Jak poinformował organizatorów Management Artystki, Mari Boine jest poważnie chora (m.in. rozległe zapalenie gardła) i przebywa w klinice w Oslo. Lekarze wykluczyli najbliższe koncerty.
Jedna z największych gwiazd world music Mari Boine miała wystąpić w Filharmonii Narodowej w ramach cyklu „Era Jazzu” i zaprezentować program „Arctic Sounds”.
Kto widział ją kiedykolwiek na scenie, zapamiętał z pewnością jej monotonne, hipnotyzujące wokalizy, ekstatyczne pląsy i eklektyczną muzykę z pogranicza etno, rocka i jazzu. Rozkładając szeroko ramiona z chustą lub szalem i kręcąc się w kółko wygląda jak szamanka odprawiająca czary.

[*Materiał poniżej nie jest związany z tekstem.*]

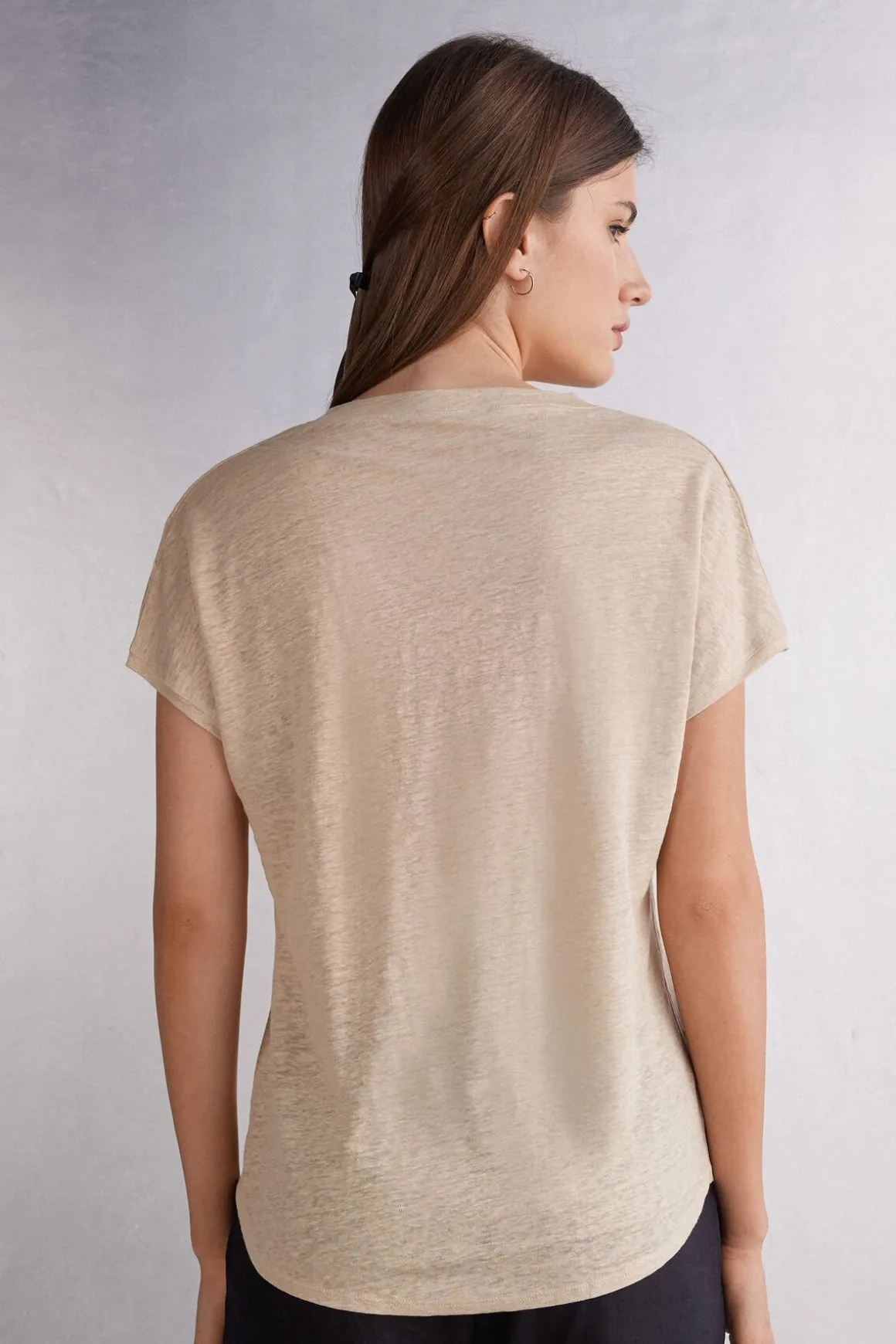 Camiseta de Manga Corta con Escote de Pico de Lino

Mari nie zgadza się jednak z takimi porównaniami. Uważa, że przyniosły one wiele szkody jej rodakom, pochodzącym z północnej części Półwyspu Skandynawskiego Samom. To dlatego ich śpiew zwany joiku był przez wieki zakazany przez władze. Mówiono, że pochodzi od diabła. A jednak ta tradycja przetrwała w pieśniach przekazywanych z pokolenia na pokolenie. Mari Boine jest dziś najbardziej znaną w świecie artystką śpiewającą w tym stylu.
Co więcej, pisze piosenki w ojczystym języku, a żeby teksty były zrozumiałe dla słuchaczy w innych krajach, na okładkach swych albumów podaje ich angielskie tłumaczenia. Zapowiadając je na koncertach po angielsku również przybliża słuchaczom ich treść.